Rlewis
I really should change my personal text
- Joined
- 11 October 2012
- Messages
- 39
- Reaction score
- 2
donnage99 said:Rlewis said:im willing to bet with enough digging i can find a rand report from the 1990s that talks about joint programs saving money. and there brilliant analysis proving it. and someone said "did you read the rand report? thats how I know this JSF idea is a good one" now with hindsight they will tell us how it doesn't. theory and practice are two different things. just because the jsf is a disaster does not mean that joint programs are not favorable. you would be hard pressed to actually find programs that are only funded by a single source these days honestly. the DOD is more than just the JSF even though lockmarty would have you think otherwise. I think there was a rand report about how the USN should cancel the F/A-18E and wait for the JSF that would be hitting the fleet in the early 2000s.

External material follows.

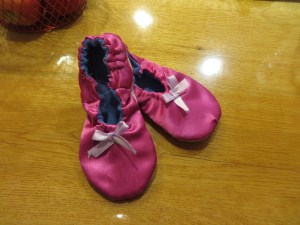 Pink costume satin w/ encased elastic closure and ribbon embellishment.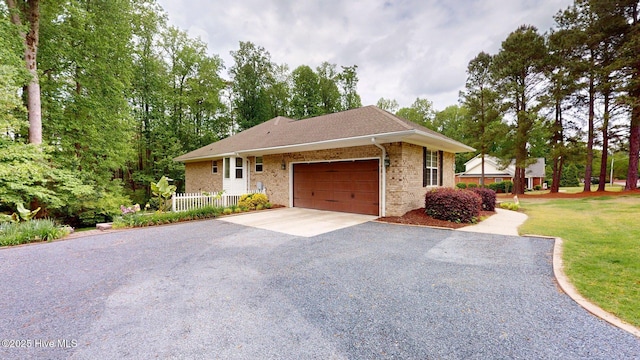 ranch-style house with fence, brick siding, aphalt driveway, and an attached garage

That doesn't validate anything. The simple logic to that is there's more evidence today than 20 years ago about modern joint program. And btw, did you read the report? It took into account all recent major programs whether it is single service or joint. JSF is but one of them
skipped this one actually. i try to fall back on my own experience with not just the us navy, but my experience in dealing with reports from outside and contrast that with my work and analsyts that barely scrape the surface but think they know my job better than i do. i'm not usually impressed with them. the purpose of a program is not always to save money either. dirty secret. its about pooling resources so we both get what we want. i have a hard time believing that when two services combine things instantly go pear shaped and you have to look at the technological risk inherent in the program. for example if the gyrenes had signed onto the super hornet. which they should have. i don't believe it would suddenly be astronomically expensive and delayed into eternity. the super hornet being a low risk development. now a helicopter that flies like a plane or a mach 1+ hovering stealth fighter; well thats a different story isn't it? a lot of these programs dont stink because they are joint, they stink because its a bridge too far for the tech available. in that case weather its one service [f-22] 2 services [v-22]or all 3 [jsf] its going to be costly and delayed with lots of redesigns. you can also look at single service [F-18EF] 2 service [ I want to say ch-53k but its still in development so thats cheating] which are progressive follow ons, and low risk. so in conclusion I would like to see ngad as joint. whether that helps or hurts basically depends on how advanced the design and tech will be. if it borrows from previous designs and is kept low risk it has a better chance than if the wheel is reinvented. so yes, i bet the randy boys figured out that advanced programs don't save. not all advanced programs are joint and not all joint programs are advanced.